Go back
Curatorial credits

Magazines from the Wilson Archive

12 December 2023 | Lucy Smith

The Jeremy Wilson archive contains mountains of press clippings, but amongst these are a number of complete original magazines dating from Lawrence’s lifetime. They give an insight into the early twentieth-century world and the context in which Lawrence’s exploits occurred.

Illustrating the First World War

The collection includes several illustrated French magazines published during the First World War which provide a glimpse into how the war was perceived whilst it was happening, and show how the Arab Revolt fitted into this understanding.

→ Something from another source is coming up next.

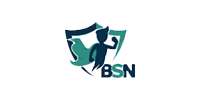 BreachSecureNow logo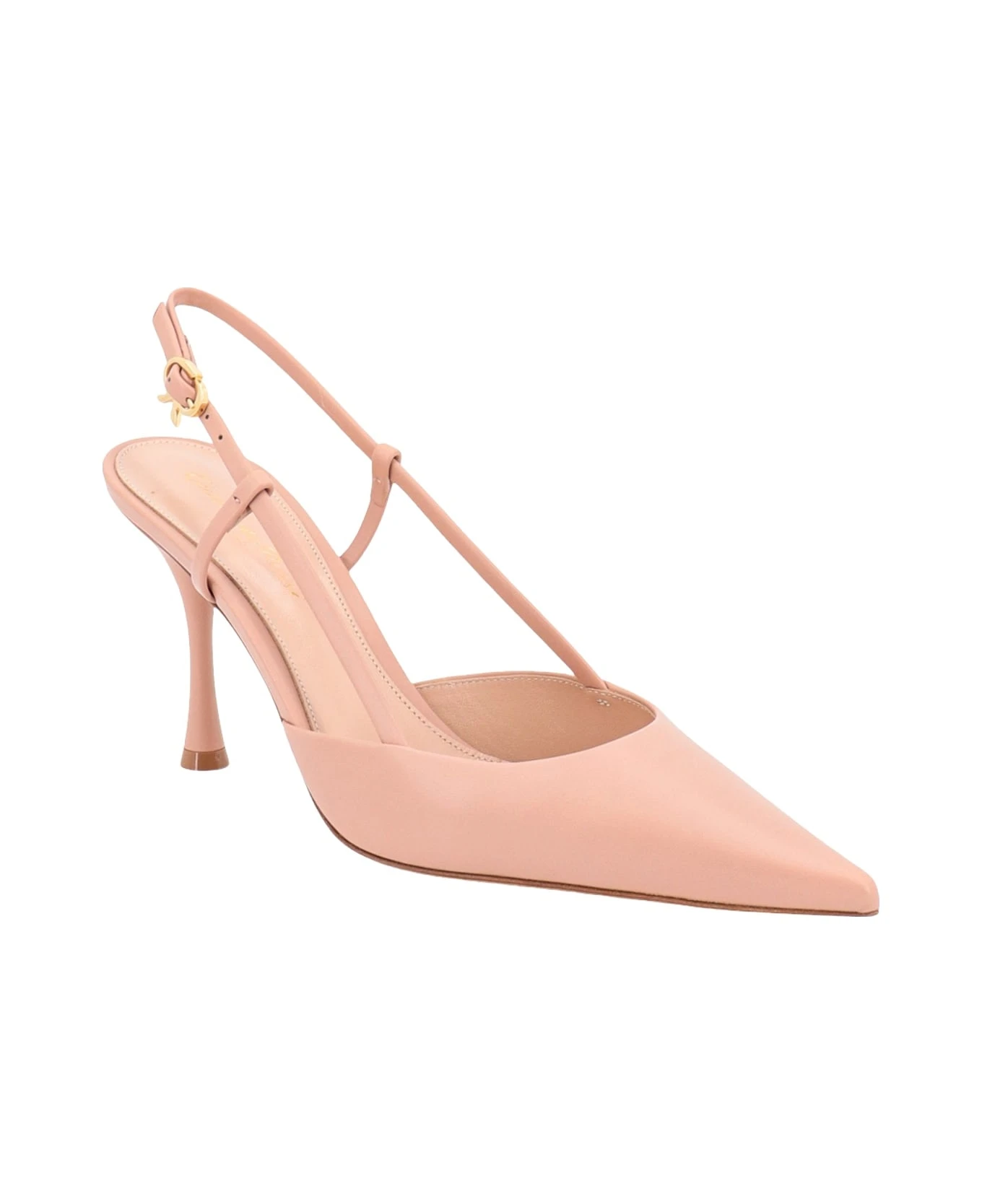 Ascent Slingback - Image 2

L’Illustration was the first French illustrated magazine, established in 1843, and ran throughout the First World War. The Wilson collection includes an edition from 20 October 1917, midway through the Arab Revolt.

The magazine includes a series of advertisements for everyday products, underlining how ordinary life went on during the upheaval of the Great War – this edition includes adverts for luminous watches, pens, light bulbs and even a male corset!

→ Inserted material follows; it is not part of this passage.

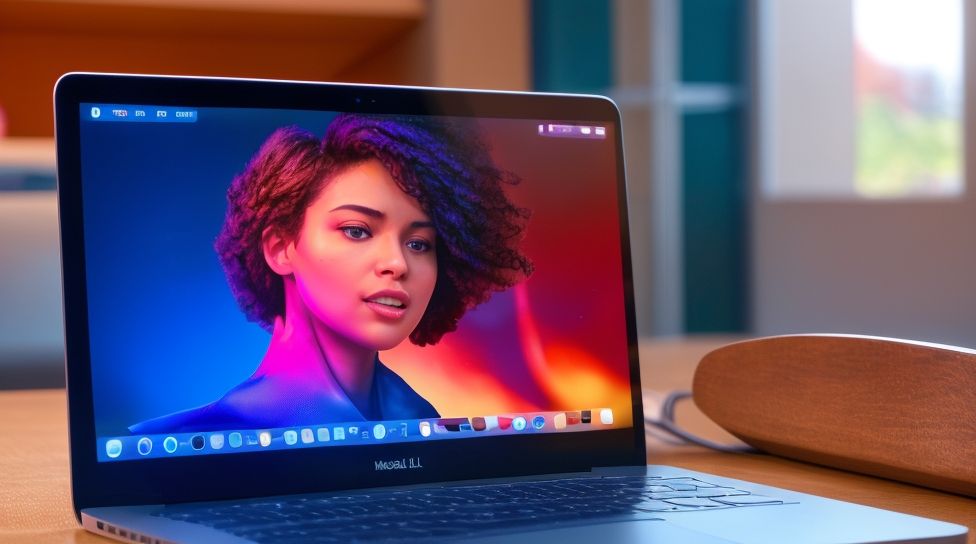 The Power of Siri on Mac A VoiceActivated Guide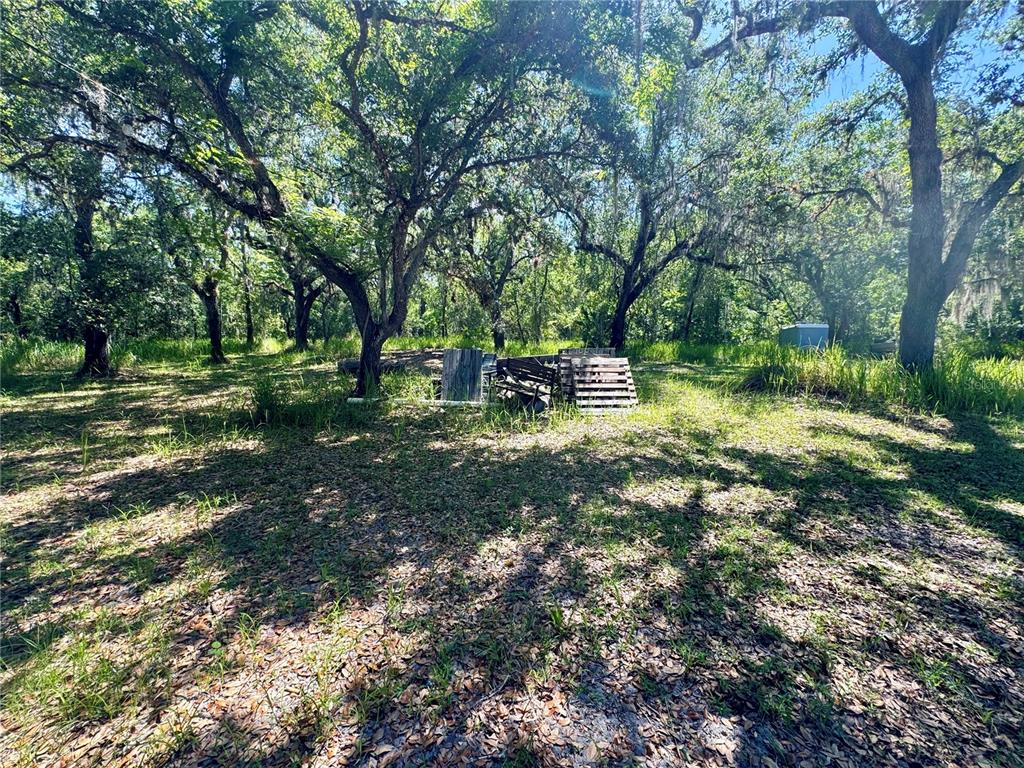 5379 Northeast River Bend Road Arcadia, FL 34266 - Photo 29 of 34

“L’Offensive des Flandres”, L’Illustration. 20 Oct 1917. Magdalen College Archives, Papers of Jeremy Wilson, P450/R/ORR/4.

The magazine includes articles on events from the Western Front and brings news of innovations, such as the discovery of look-out posts disguised as trees in territory previously occupied by the German army.

 

This edition of the magazine focused in particular on General Anthoine, then the commander of the French First Army. It includes a large colour illustration of his portrait.

 

 

Portrait of General Anthoine, “L’Illustration”, 20 Oct 1917. Magdalen College Archives, Papers of Jeremy Wilson, P450/R/ORR/4.

 

Towards the back of the magazine, there is an article about the progress of the Arab Revolt, showing a photograph of Sherif Hussein of Mecca, the leader of the Hashemite dynasty and father of Emir Faisal and his brothers.

 

“Le Fronte Arabe”, L’Illustration, 20 Oct 1917. Magdalen College Archives, Papers of Jeremy Wilson, P450/R/ORR/4.

 

“Un des fils des Grand Cherif Hussein, roi de Hejaz, sous sa tente”. Magdalen College Archives, Papers of Jeremy Wilson, P450/R/ORR/4.

This article also includes a photograph of Emir Faisal in his tent.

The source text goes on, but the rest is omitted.